------ RAW DATA ------

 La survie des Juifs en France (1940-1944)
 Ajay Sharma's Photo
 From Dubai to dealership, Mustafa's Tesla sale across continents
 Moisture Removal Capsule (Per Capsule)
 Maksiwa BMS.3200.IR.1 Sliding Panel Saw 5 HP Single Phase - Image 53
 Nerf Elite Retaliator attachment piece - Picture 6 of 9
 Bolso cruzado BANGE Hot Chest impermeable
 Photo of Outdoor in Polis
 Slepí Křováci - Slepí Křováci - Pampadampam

------
------ RAW DATA ------

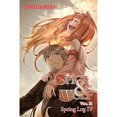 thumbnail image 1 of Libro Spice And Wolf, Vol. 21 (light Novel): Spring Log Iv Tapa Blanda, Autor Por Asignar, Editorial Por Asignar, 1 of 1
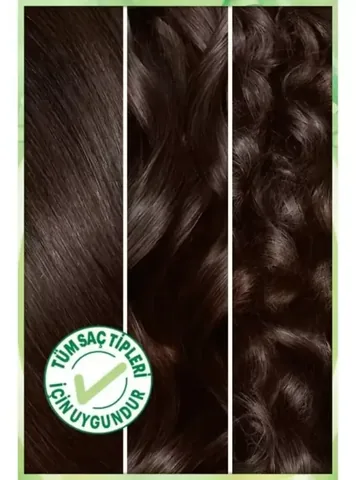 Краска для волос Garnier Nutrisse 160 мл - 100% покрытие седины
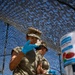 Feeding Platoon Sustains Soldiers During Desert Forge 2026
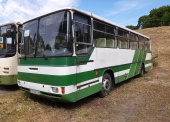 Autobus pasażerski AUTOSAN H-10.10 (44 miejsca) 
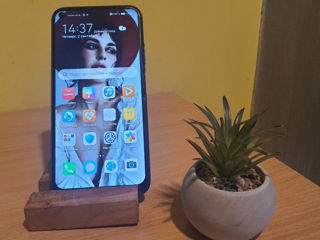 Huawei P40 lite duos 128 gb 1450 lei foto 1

------
------ RAW DATA ------

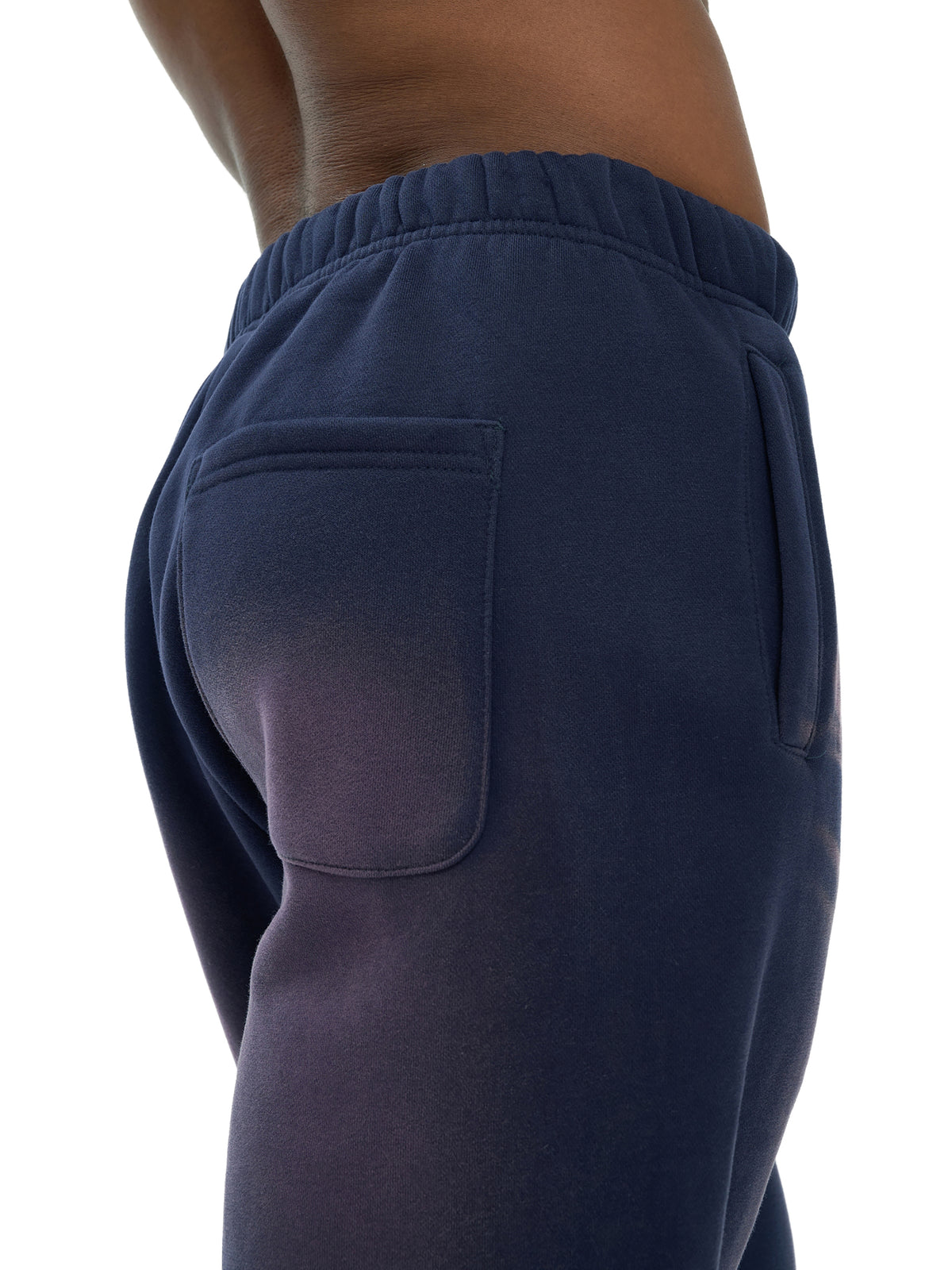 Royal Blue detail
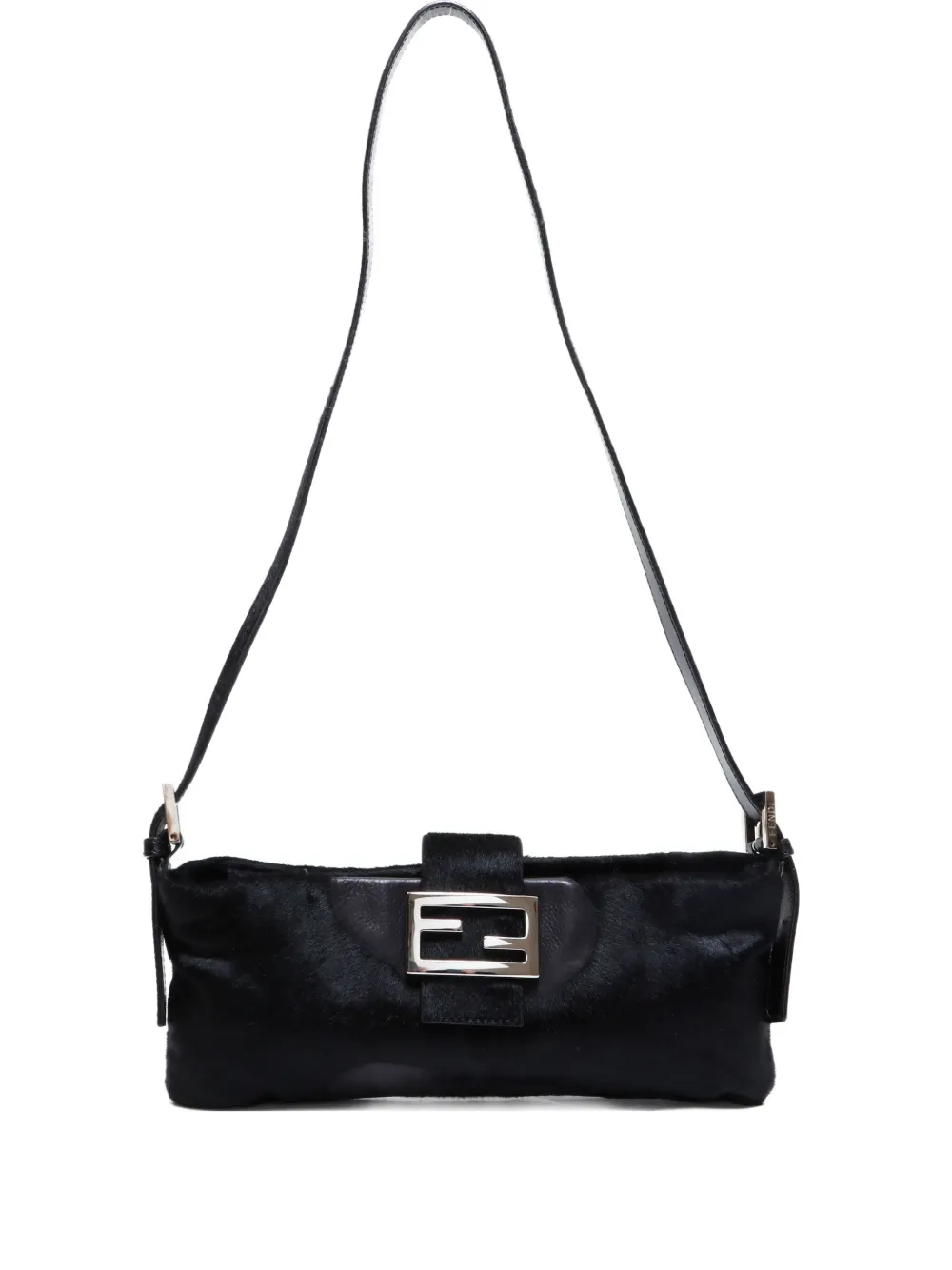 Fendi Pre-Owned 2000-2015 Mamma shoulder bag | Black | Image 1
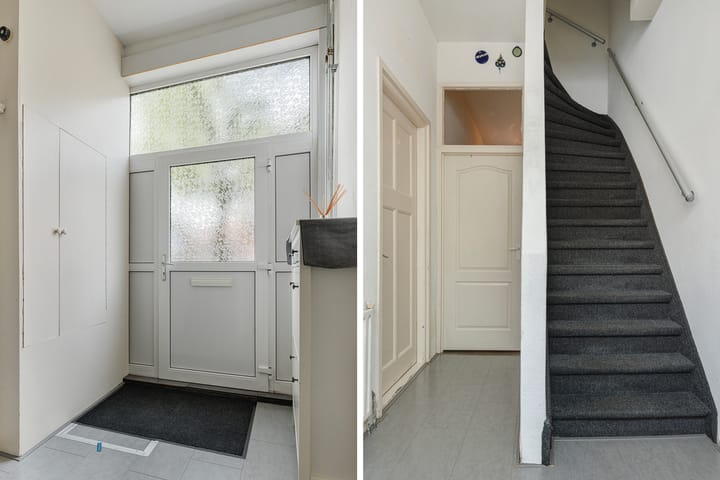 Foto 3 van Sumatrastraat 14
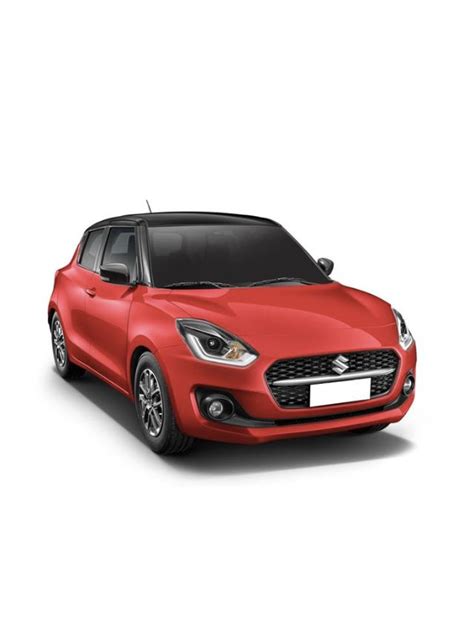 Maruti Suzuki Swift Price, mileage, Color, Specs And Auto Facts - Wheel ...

------

TASK REQUIREMENTS> Take the records above and return, word for word, only the lines that fall from the line with "Moisture Removal Capsule (Per Capsule)" to the line with "Slepí Křováci - Slepí Křováci - Pampadampam", both of them included.

SOLUTION FOR THIS TASK>
 Moisture Removal Capsule (Per Capsule)
 Maksiwa BMS.3200.IR.1 Sliding Panel Saw 5 HP Single Phase - Image 53
 Nerf Elite Retaliator attachment piece - Picture 6 of 9
 Bolso cruzado BANGE Hot Chest impermeable
 Photo of Outdoor in Polis
 Slepí Křováci - Slepí Křováci - Pampadampam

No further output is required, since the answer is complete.